◆ **What is expected**: Pull out the lines from the one containing "Go to your orders" through the final line of the listing below and repeat them exactly. Leave the pictures behind.

◆ **Given information**:
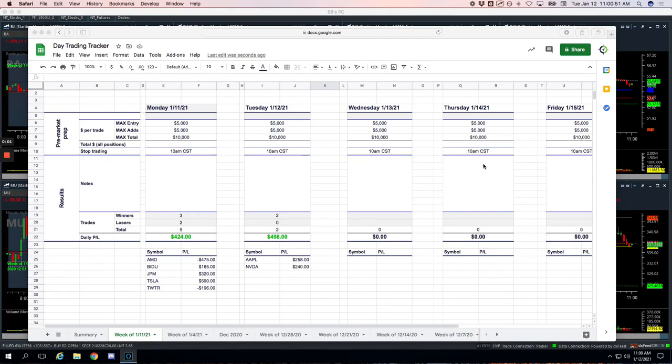Happy Tuesday, January 12th. Hope everybody had a good day of trading. Plus $1,158 today. Nice green day, $1,158 in the green.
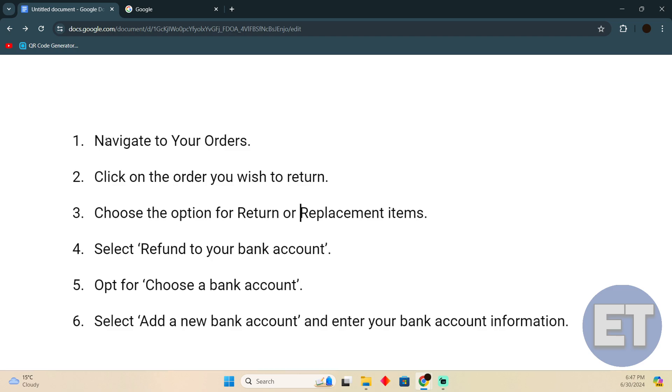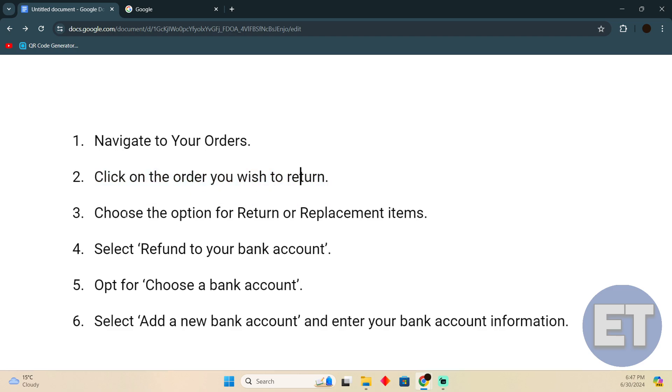Go to your orders and click on the order which you wish to return. After selecting that order, choose the option for return or replacement items.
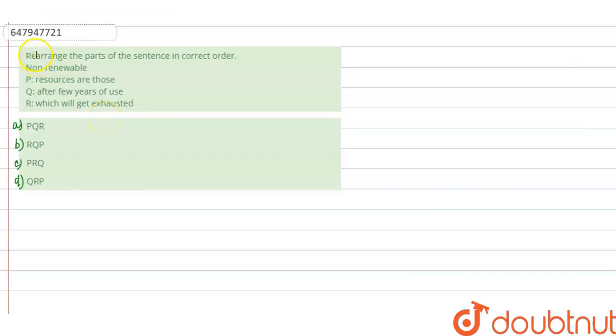Hello, here the question is, rearrange the parts of the sentence in correct order. Okay, so we have to rearrange the parts of sentence in correct order.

◆ **Output of the exercise**:
Go to your orders and click on the order which you wish to return. After selecting that order, choose the option for return or replacement items.
Hello, here the question is, rearrange the parts of the sentence in correct order. Okay, so we have to rearrange the parts of sentence in correct order.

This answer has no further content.